Who was the real William Tell?
2 Jul 2018
2 Jul 2018
Over 150 years after the foundation of the Swiss Confederacy the first references to William Tell can be found in the 1470 manuscript White Book of Sarnen and 15th century Swiss folksongs. In Chronicon Helveticum (1550), historian Aegidius Tschudi provided the first detailed account of Tell’s heroism and his role in Swiss independence, including the story of him shooting an apple off his son’s head. Tschudi helpfully even puts an exact date on the apple shot: 18 November 1307. Tschudi’s account would become the definitive source of the legend for the many artistic retellings over the following centuries.

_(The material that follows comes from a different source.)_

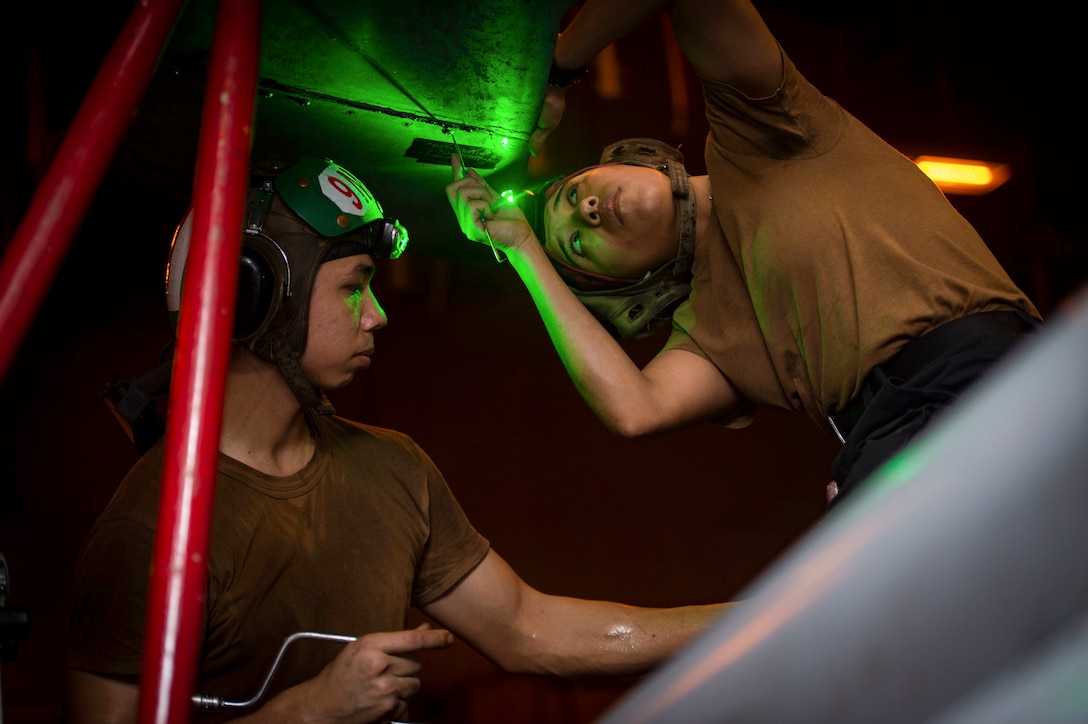 A sailor uses a green light to look up at an aircraft section as another assists.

Tellspiels – plays based on Tell’s life – were performed in Switzerland throughout the 1500s, but it was two very popular early 19th century artistic works that would cement the legend. German Johann Friedrich von Schiller’s 1804 play, based on Tschudi’s version of events, continues to be revived every year in the Swiss town of Interlaken. Étienne de Jouy based his libretto for Rossini’s 1829 opera Guillaume Tell on Schiller’s play and it thrilled audiences from Vienna to London to New York in the 1830s.

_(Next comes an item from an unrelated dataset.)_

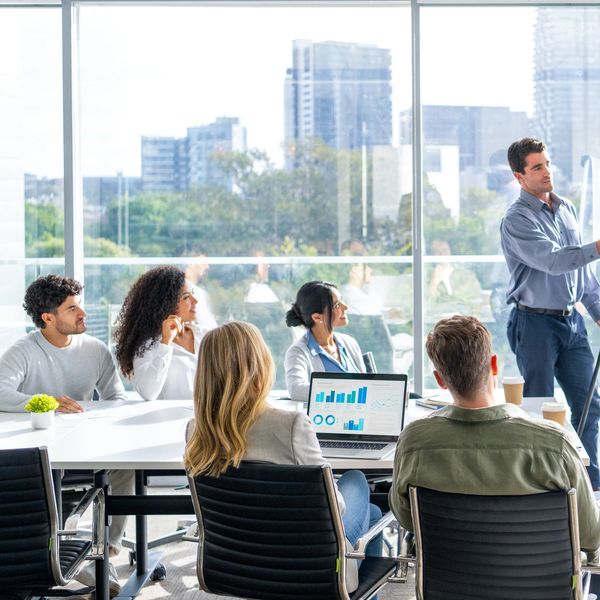 Business team attending a presentation in a bright office with city views.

Around the world William Tell came to represent rebellion against tyranny and even inspired some would-be assassins. He was used to motivate insurgents in both the French and American Revolutions. John Wilkes Booth claimed Tell was his inspiration for the assassination of Abraham Lincoln. Adolf Hitler enthused about Schiller’s play in Mein Kampf then proceeded to have it banned in Nazi Germany after an assassination attempt on him by a young Swiss man.

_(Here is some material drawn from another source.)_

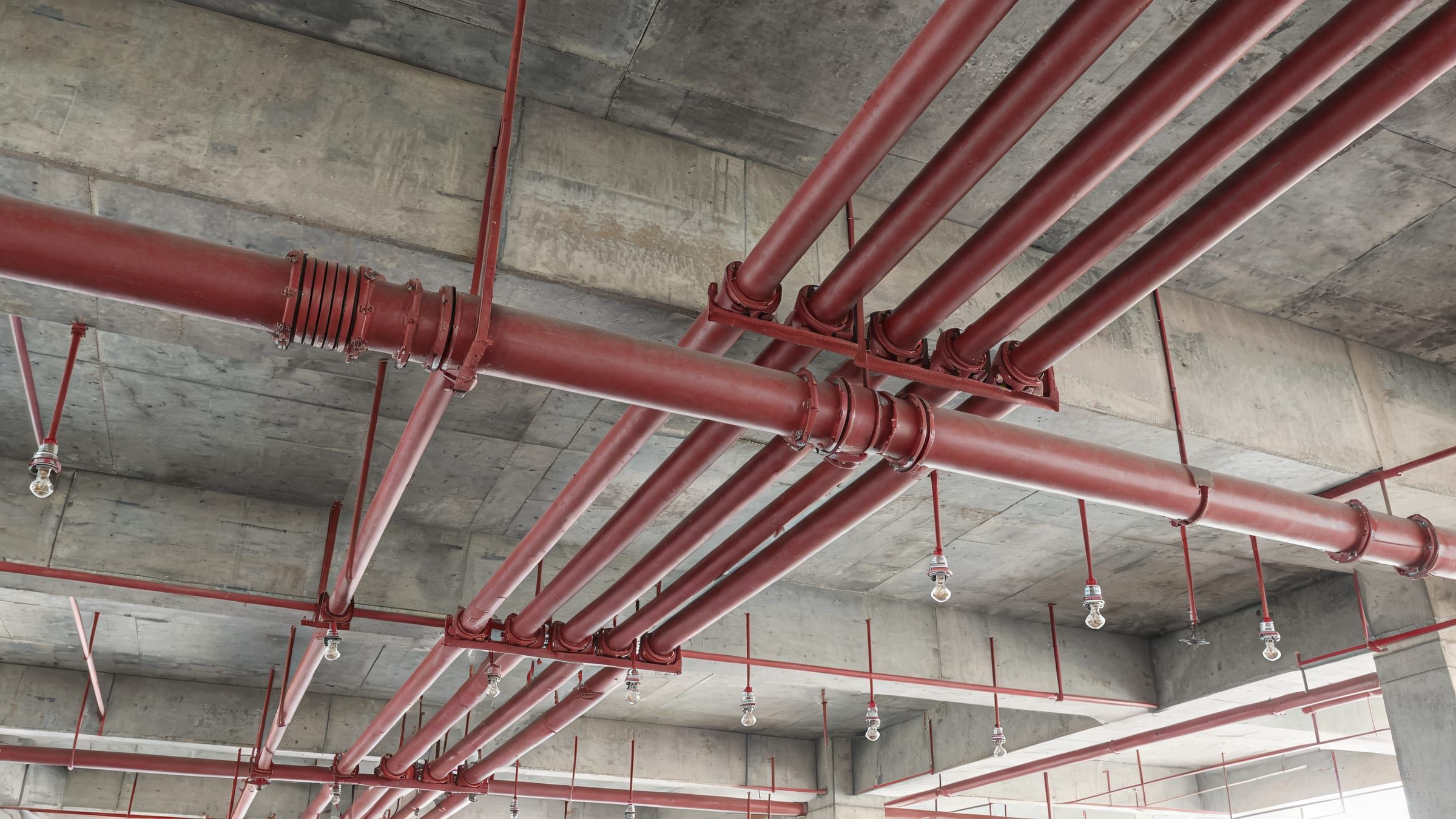 Beton tavan altında kırmızı sprinkler boru hatları ve sprinkler başlıkları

Steeped in so much legend it becomes difficult to separate fact from fiction. William Tell is so integral to Swiss nationalism that most Swiss people believe he did exist. In fact, the belief in Tell is so vehement that books and effigies of those who dared to question his existence were publicly burnt in the 1700 and 1800s in Tell’s home canton of Uri.
Monuments to William Tell stand proudly throughout Switzerland. In the centre of Altdorf, there is an imposing statue where Tell supposedly shot the legendary arrow. The spot where Tell landed after jumping off the boat during the storm to escape Gesler is marked by a Tellskapelle with frescos of the hero’s life on the shore of Lake Lucerne. Another Tell chapel stands in Bürglen on what is believed to his birthplace.
However, there is no concrete historical evidence that William Tell actually lived. Some believe that this evidence was burned in fires in Altdorf, but it is most likely that William Tell is an amalgam of legends.
The story of a marksman shooting an apple off a loved one’s head is nothing new. It appears in many other nation’s folklore including Denmark, Norway, Iceland, Persia and England. There is a remarkably similar story that came out of Denmark in the 12th century. In Gesta Danroum (The History of the Danes) a skilled hunter called Toko is forced to shoot an apple off his son’s head then escapes imprisonment to kill the tyrant. Just like William Tell.
While William Tell might have not been an actual person, there is no doubt that the legend is not only intrinsic to Swiss identity but has been an inspiration to freedom fighters around the world. His courage in fighting against oppression remains pertinent to this day.